Against Mississippi State...
This was the Walsh 46 yd dash that woke up OSU's offense. Notice the line is heavy to the right, but the play goes left.
Here's the GIF of that play, courtesy of Steven Godfrey...
-was used 15 times
-2 plays nullified by penalty (both 8 yd gains by Walsh)
-13 plays for 112 yards (8.6 yds/play)
-9 rushes for 98 yards (10.9 yds/play) and 1 TD
-1-4 passing for 14 yds (Walsh threw erranlty enough to a wide open Desmond Roland at the goal line that he was not able to complete the catch on what was initially ruled a TD)
During the game, one of the announcers commented that OSU should go back to the diamond formation because it has not been stopped.
Against West Virginia
This is the infamous "check to the fade" audible that Walsh called. Notice the same formation but the opposite side of the field as the play against Mississippi State. My question here would be how many options running the ball there must be out of this set, not to mention the play action roll out pass. Walsh definitely sees the overloaded ends on both sides, but based on the DB lined up just inside the DE on the right, why not check to an inside handoff or QB sweep going left where you have the blocking advantage, and features the best part of your offensive line?
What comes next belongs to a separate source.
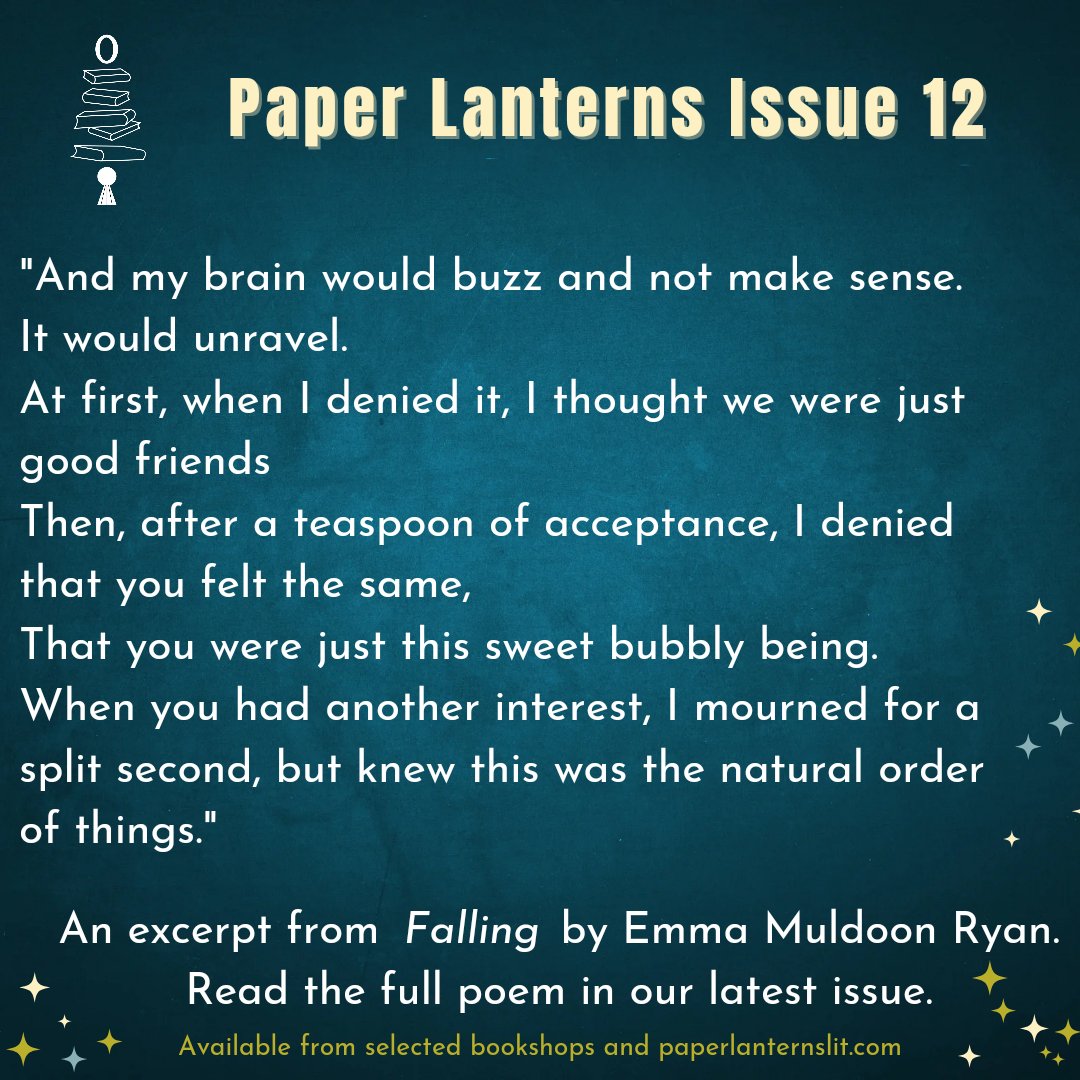 Falling by Emma Muldoon Ryan is just one of the wonderful poems published in our latest issue. You can find this & lots more treasures in Paper Lanterns Issue 12. Available from selected bookshops & paperlanternslit.com #paperlanternslit #poetry #amwriting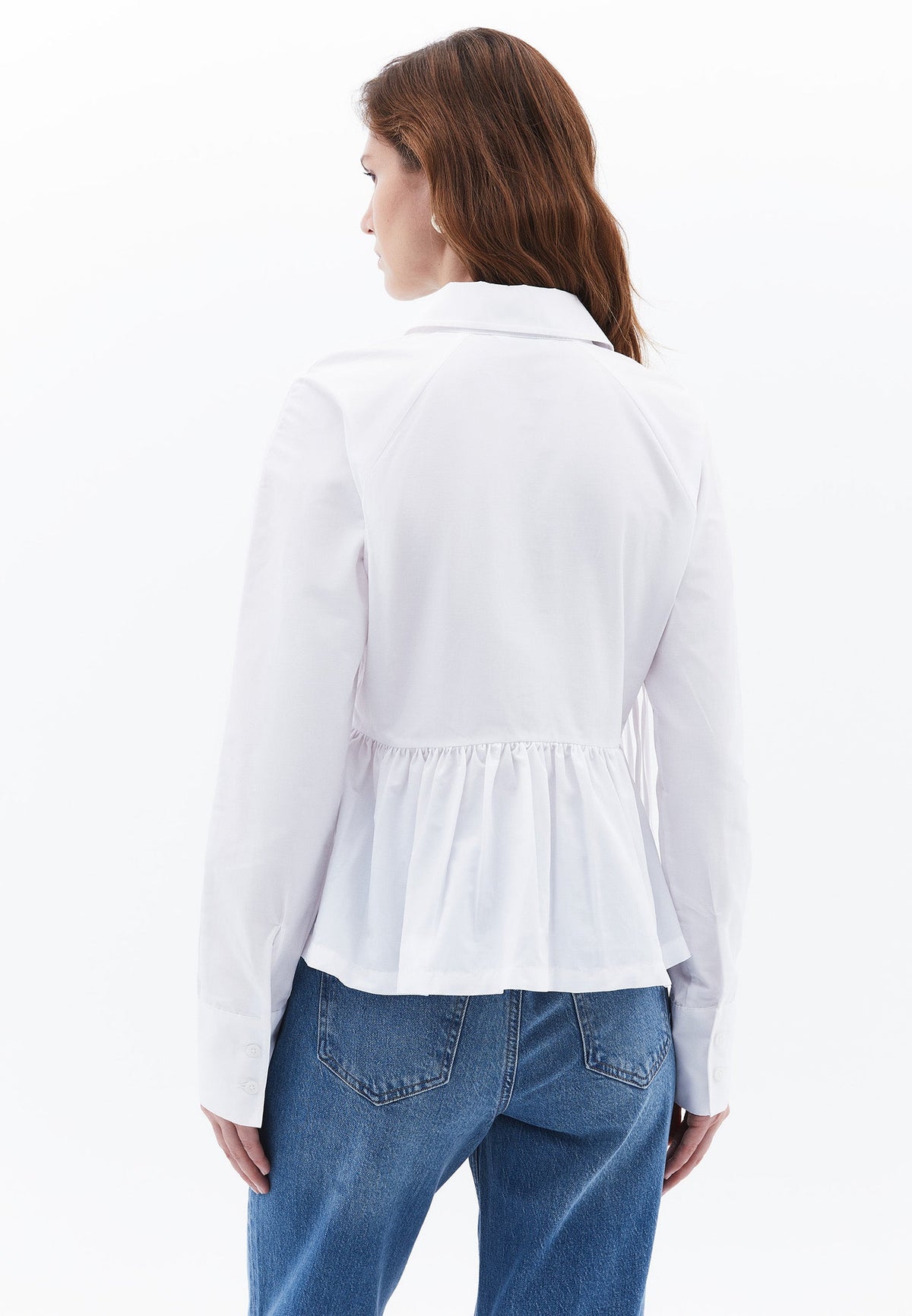 Slim Fit Shirt With Long Raglan Sleeve - WHITE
-was used 7 times (was in the formation an eighth time after the "fade" route, but motioned out of it. The announcer commented that he couldn't believe they shifted. Also couldn't believe they checked to the fade on the previous play)
-7 plays for 66 yds (9.4 yds/play)
-4 rushes for 11 yds
-2-3 passing for 55 yds and 1 TD
Against Kansas State
Here is a different alignment for the diamond, where the line doesn't go heavy to one side. This resulted in a handoff to Smith over left tackle for 6 yards.
-was used 6 times (5 times in the first half, only 1 in the second half, and that was in a goal line situation)
-6 plays for 56 yards (9.3 yds/play)
-5 rushes for 13 yards and 1 TD
-1-1 passing for 43 yds (flea flicker)
Announcer commented that he didn't understand why OSU didn't utilize the formation more often.
-used 28 times
-26 plays for 234 yds (9 yds/play)
-18 rushes for 122 yds (6.8 yds/play) and 2 TD's
-4-8 passing for 112 yds (14 yds/a...28 yds/c) and 1 TD
The Cowboys have gone "exclusive" diamond only once, and that was the flea flicker drive in the first half against Kansas State.
When OSU has gone to the formation 3 or more plays in a row, it has not been stopped and has resulted in 3 TD's.
Seems pretty clear to me. I'll admit that OSU did just fine on the last drive against KState without it, but this just confirms for me my confusion as to why this formation isn't utilized more often during regular game situations. Announcers have stated almost every time they see it that it forces the defense to declare their coverage, usually man-to-man, yet it has been trotted out less and less each of these games. I also understand that it's about personnel, but the Cowboys have some large, physical wide receivers that could work out of this formation if you wanted to line them up in the backfield.
I'm going to leave it at that. It's up to you guys to tell me if I'm off the reservation with this.
But I have to say I would be a lot more comfortable if Yurich would talk about diamonds more than my wife.